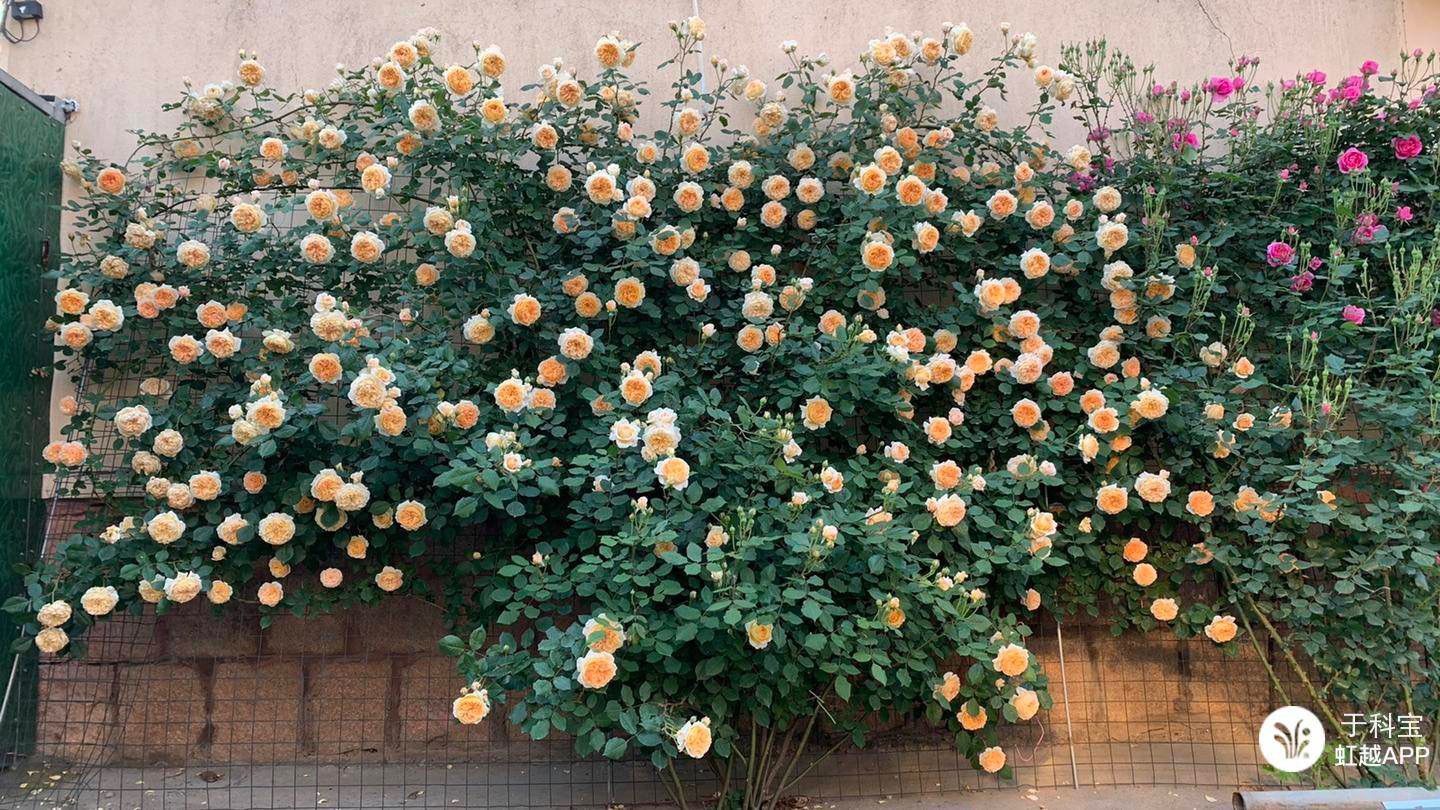 牙簽苗逆襲成十米月季花墻，兩年就足夠！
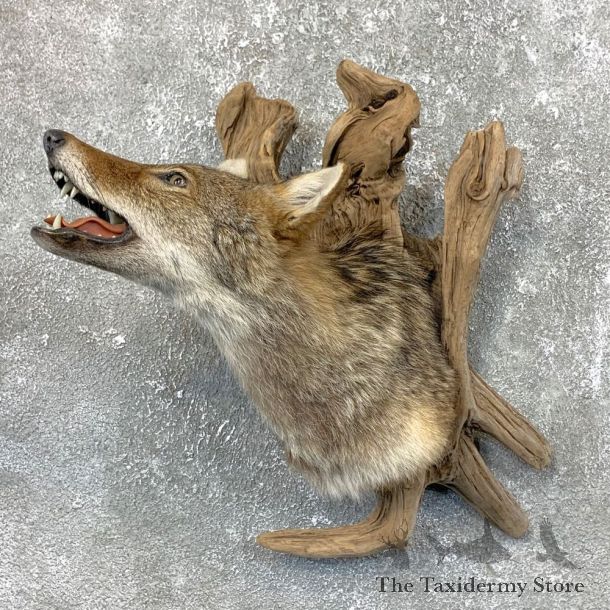 Coyote Shoulder Taxidermy Mount #23722 @ The Taxidermy Store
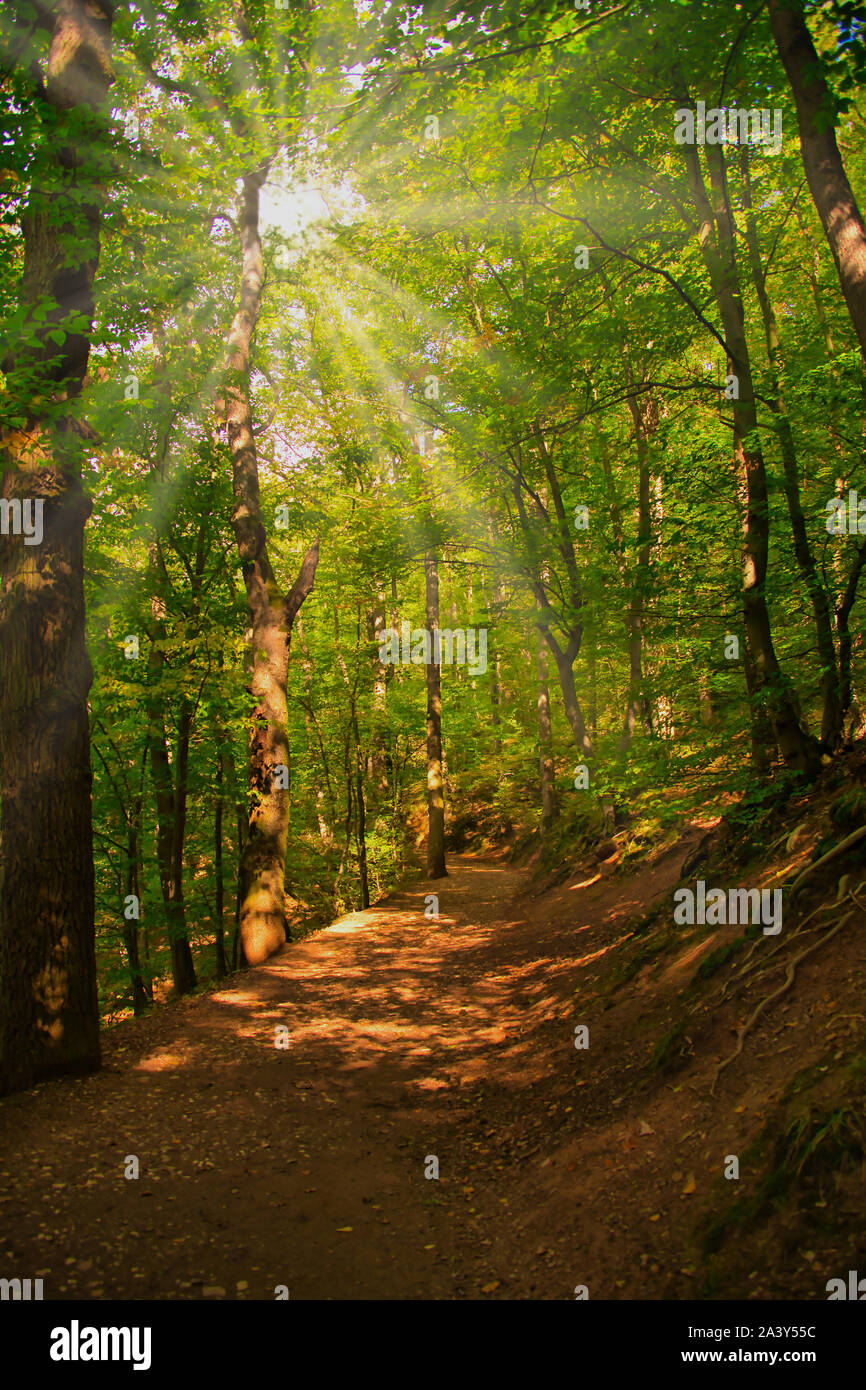 Sono raggi di sole che splende attraverso gli alberi in una foresta su un percorso Foto Stock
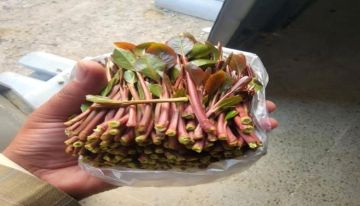 ضريبة القات في شبوة : قصة فساد لا يجرؤ أحد على إيقافها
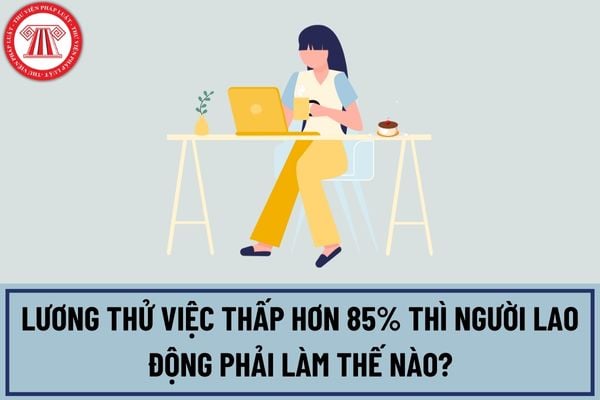 Công ty trả lương thử việc thấp hơn 85% hoặc không được trả lương thử việc thì người lao động phải làm thế nào?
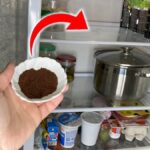 Případu bez sody – jak odstranit nepříjemný zápach z lednice za 10 minut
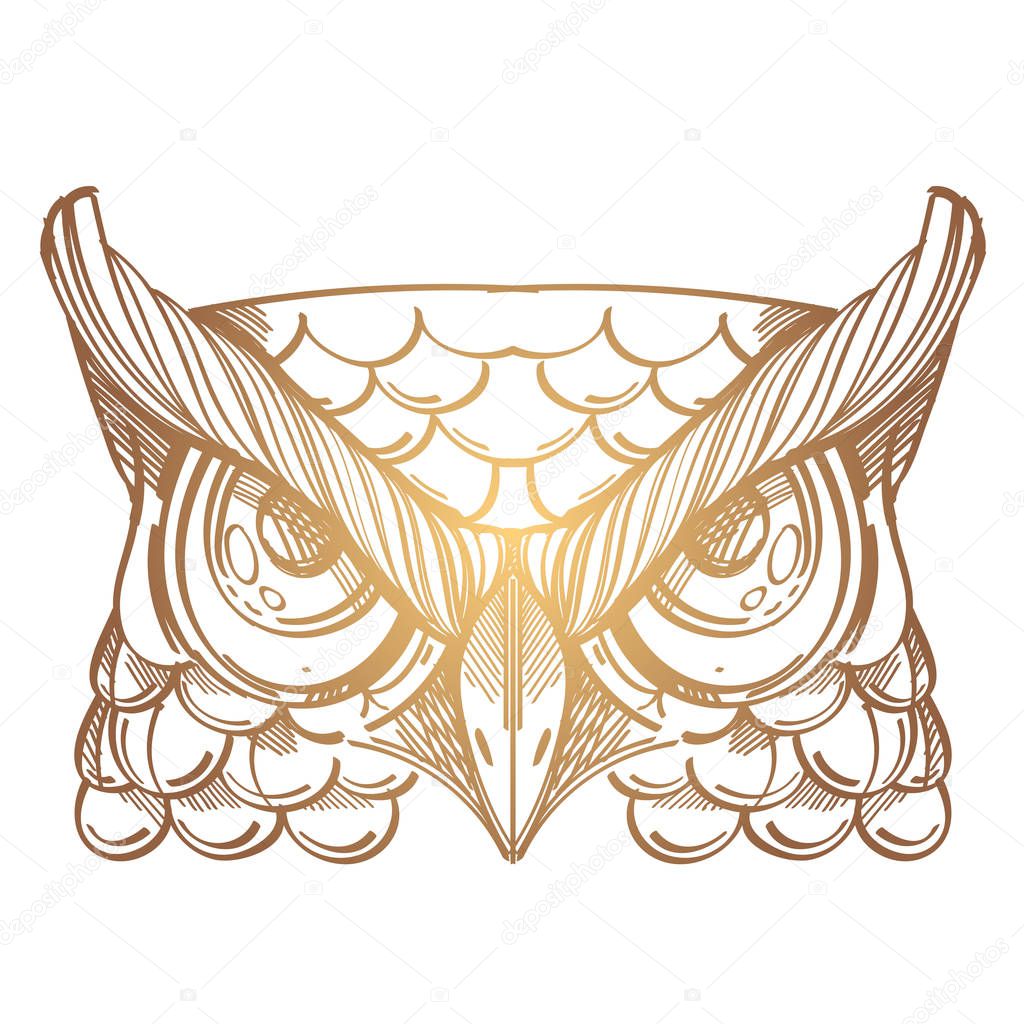 Muzzle of an owl illustration for creating sketches of tattoos, printing on clothes, design of posters and leaflets.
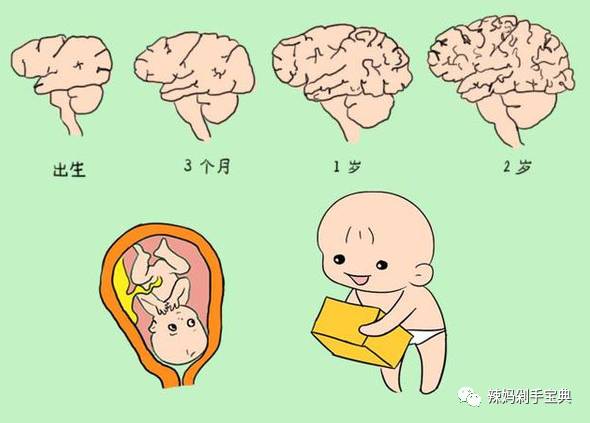 要不要给孩子补DHA？吃了DHA真的会越来越聪明？要怎么正确给孩子补DHA?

--------------------

§ **What you need to do**: A verbatim transcript of the material above, with images dropped, is the expected output.

§ **Task output**:
 牙簽苗逆襲成十米月季花墻，兩年就足夠！
 Coyote Shoulder Taxidermy Mount #23722 @ The Taxidermy Store
 Sono raggi di sole che splende attraverso gli alberi in una foresta su un percorso Foto Stock
 ضريبة القات في شبوة : قصة فساد لا يجرؤ أحد على إيقافها
 Công ty trả lương thử việc thấp hơn 85% hoặc không được trả lương thử việc thì người lao động phải làm thế nào?
 Případu bez sody – jak odstranit nepříjemný zápach z lednice za 10 minut
 Muzzle of an owl illustration for creating sketches of tattoos, printing on clothes, design of posters and leaflets.
 要不要给孩子补DHA？吃了DHA真的会越来越聪明？要怎么正确给孩子补DHA?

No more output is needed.